Supplied material >>
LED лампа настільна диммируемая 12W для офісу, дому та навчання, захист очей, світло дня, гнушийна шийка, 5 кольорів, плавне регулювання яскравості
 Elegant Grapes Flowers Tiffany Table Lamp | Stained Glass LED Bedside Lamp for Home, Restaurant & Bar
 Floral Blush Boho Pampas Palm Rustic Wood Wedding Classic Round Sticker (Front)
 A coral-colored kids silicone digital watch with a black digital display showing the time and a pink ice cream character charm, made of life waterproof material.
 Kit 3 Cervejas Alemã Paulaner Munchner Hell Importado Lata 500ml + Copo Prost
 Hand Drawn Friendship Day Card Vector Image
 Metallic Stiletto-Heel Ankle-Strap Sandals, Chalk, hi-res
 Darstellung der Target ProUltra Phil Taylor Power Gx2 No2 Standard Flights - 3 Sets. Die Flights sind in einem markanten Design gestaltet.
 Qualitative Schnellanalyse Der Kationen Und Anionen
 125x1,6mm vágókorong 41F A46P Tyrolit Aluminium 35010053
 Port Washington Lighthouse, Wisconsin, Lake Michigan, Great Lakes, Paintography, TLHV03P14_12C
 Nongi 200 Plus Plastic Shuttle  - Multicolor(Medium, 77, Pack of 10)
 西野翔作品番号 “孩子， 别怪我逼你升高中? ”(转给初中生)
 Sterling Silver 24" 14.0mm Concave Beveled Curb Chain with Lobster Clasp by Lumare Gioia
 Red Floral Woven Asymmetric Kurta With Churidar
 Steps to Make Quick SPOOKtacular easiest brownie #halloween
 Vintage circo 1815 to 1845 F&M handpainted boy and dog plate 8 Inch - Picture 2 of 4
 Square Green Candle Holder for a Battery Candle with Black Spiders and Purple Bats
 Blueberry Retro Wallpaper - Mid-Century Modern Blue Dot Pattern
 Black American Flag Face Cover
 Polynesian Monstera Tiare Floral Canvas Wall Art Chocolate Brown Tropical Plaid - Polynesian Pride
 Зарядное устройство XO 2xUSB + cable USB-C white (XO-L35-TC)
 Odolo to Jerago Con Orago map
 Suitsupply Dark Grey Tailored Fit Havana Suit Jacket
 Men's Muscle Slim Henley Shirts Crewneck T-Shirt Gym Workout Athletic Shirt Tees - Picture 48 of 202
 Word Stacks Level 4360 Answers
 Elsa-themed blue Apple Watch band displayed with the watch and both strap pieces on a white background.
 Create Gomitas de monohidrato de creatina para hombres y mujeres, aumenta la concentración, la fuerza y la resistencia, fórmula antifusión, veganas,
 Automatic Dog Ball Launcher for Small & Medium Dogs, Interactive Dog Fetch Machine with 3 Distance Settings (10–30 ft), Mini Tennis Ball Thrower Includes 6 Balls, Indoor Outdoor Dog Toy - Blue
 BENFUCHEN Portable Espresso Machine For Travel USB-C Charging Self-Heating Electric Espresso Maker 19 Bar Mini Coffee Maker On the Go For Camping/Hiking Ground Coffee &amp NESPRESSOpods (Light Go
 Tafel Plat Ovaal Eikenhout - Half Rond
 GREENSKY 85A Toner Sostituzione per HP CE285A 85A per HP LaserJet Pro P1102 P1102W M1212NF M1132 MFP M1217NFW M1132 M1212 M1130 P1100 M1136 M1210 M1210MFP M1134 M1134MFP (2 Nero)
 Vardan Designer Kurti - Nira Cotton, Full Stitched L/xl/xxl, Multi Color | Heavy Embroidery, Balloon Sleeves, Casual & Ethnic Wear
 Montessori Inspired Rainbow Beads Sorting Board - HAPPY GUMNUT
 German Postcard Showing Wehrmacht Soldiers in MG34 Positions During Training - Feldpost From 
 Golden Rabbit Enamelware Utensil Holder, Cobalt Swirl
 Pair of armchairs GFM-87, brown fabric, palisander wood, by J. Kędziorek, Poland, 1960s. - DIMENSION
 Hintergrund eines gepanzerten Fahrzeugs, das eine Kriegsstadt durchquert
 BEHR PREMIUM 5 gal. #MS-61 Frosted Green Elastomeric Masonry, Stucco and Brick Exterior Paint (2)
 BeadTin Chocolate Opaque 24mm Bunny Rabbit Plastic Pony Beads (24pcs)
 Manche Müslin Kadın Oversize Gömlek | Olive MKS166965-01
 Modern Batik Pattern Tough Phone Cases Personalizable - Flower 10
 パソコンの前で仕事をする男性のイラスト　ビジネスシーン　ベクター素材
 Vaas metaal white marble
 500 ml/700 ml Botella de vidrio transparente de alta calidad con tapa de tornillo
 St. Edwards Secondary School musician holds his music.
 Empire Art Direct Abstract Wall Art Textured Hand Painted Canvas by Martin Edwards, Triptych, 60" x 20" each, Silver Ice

Exercise requirements >>
Using the listing above, print the line containing "GREENSKY 85A Toner" and every line after it exactly, up to and including the last.

Task output >>
 GREENSKY 85A Toner Sostituzione per HP CE285A 85A per HP LaserJet Pro P1102 P1102W M1212NF M1132 MFP M1217NFW M1132 M1212 M1130 P1100 M1136 M1210 M1210MFP M1134 M1134MFP (2 Nero)
 Vardan Designer Kurti - Nira Cotton, Full Stitched L/xl/xxl, Multi Color | Heavy Embroidery, Balloon Sleeves, Casual & Ethnic Wear
 Montessori Inspired Rainbow Beads Sorting Board - HAPPY GUMNUT
 German Postcard Showing Wehrmacht Soldiers in MG34 Positions During Training - Feldpost From 
 Golden Rabbit Enamelware Utensil Holder, Cobalt Swirl
 Pair of armchairs GFM-87, brown fabric, palisander wood, by J. Kędziorek, Poland, 1960s. - DIMENSION
 Hintergrund eines gepanzerten Fahrzeugs, das eine Kriegsstadt durchquert
 BEHR PREMIUM 5 gal. #MS-61 Frosted Green Elastomeric Masonry, Stucco and Brick Exterior Paint (2)
 BeadTin Chocolate Opaque 24mm Bunny Rabbit Plastic Pony Beads (24pcs)
 Manche Müslin Kadın Oversize Gömlek | Olive MKS166965-01
 Modern Batik Pattern Tough Phone Cases Personalizable - Flower 10
 パソコンの前で仕事をする男性のイラスト　ビジネスシーン　ベクター素材
 Vaas metaal white marble
 500 ml/700 ml Botella de vidrio transparente de alta calidad con tapa de tornillo
 St. Edwards Secondary School musician holds his music.
 Empire Art Direct Abstract Wall Art Textured Hand Painted Canvas by Martin Edwards, Triptych, 60" x 20" each, Silver Ice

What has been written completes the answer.